Leave the pictures out and reproduce, exactly, the lines from the one with "Gene Expression Profile" through the end of the entries below.

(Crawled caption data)

____________

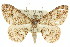  ( - 11ANIC-03638)  @15 [ ] CreativeCommons - Attribution (2011) ANIC/CBG Photography Group Centre for Biodiversity Genomics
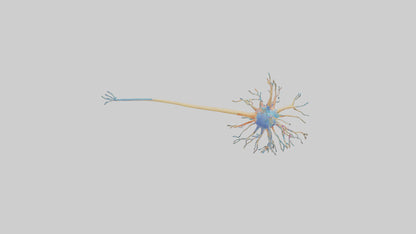 3D model Human Nerve Cells Model VR / AR / low-poly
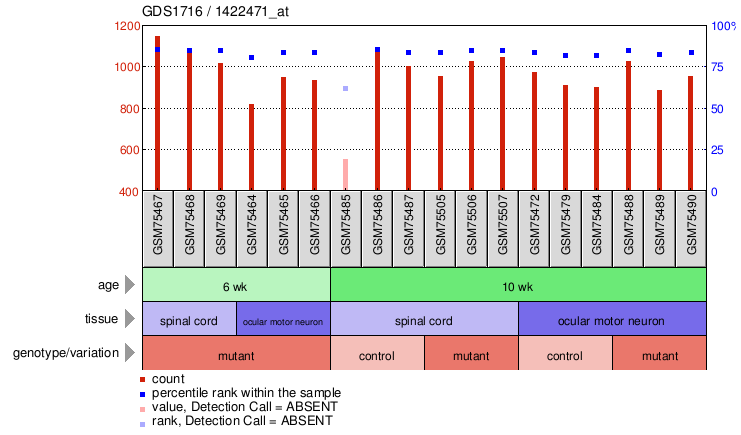 Gene Expression Profile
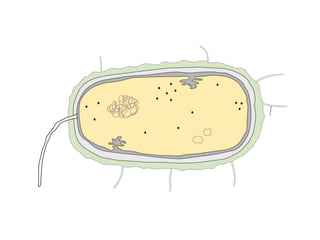 Bacteria and viruses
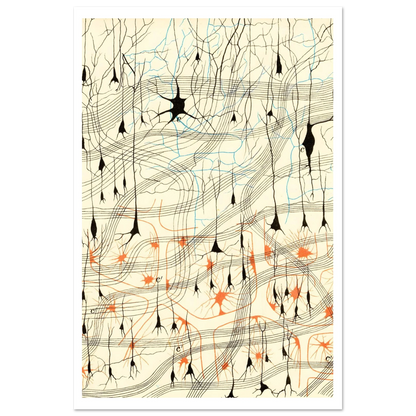 Nerve Cells in Dog's Olfactory Bulb Art of Medicine 16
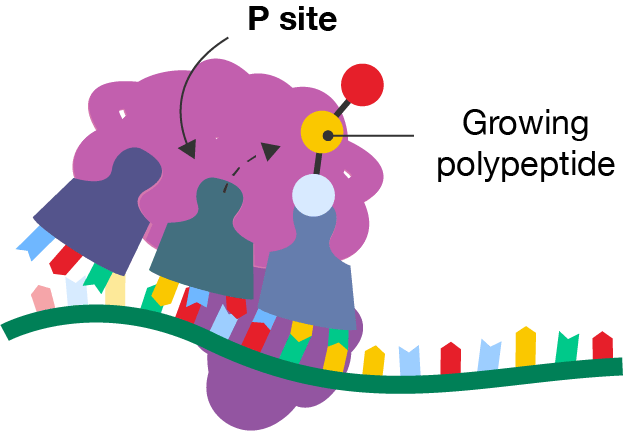 The elongation step of protein translation.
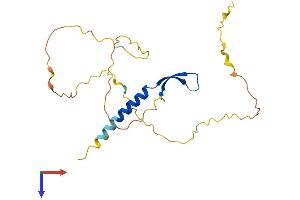 BCL7B Protein (AA 1-202) (His tag)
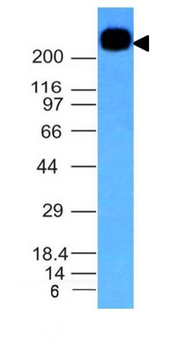 CD45RB (B-Cell Marker) Antibody - With BSA and Azide
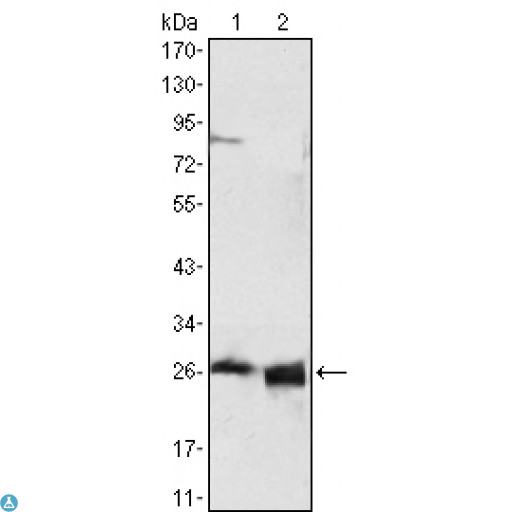 APOA1 / Apolipoprotein A 1 Antibody - Western Blot (WB) analysis using ApoA-I Monoclonal Antibody against HepG2 cell lysate (1) and Human Serum (2).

____________

Answer below
 Gene Expression Profile
 Bacteria and viruses
 Nerve Cells in Dog's Olfactory Bulb Art of Medicine 16
 The elongation step of protein translation.
 BCL7B Protein (AA 1-202) (His tag)
 CD45RB (B-Cell Marker) Antibody - With BSA and Azide
 APOA1 / Apolipoprotein A 1 Antibody - Western Blot (WB) analysis using ApoA-I Monoclonal Antibody against HepG2 cell lysate (1) and Human Serum (2).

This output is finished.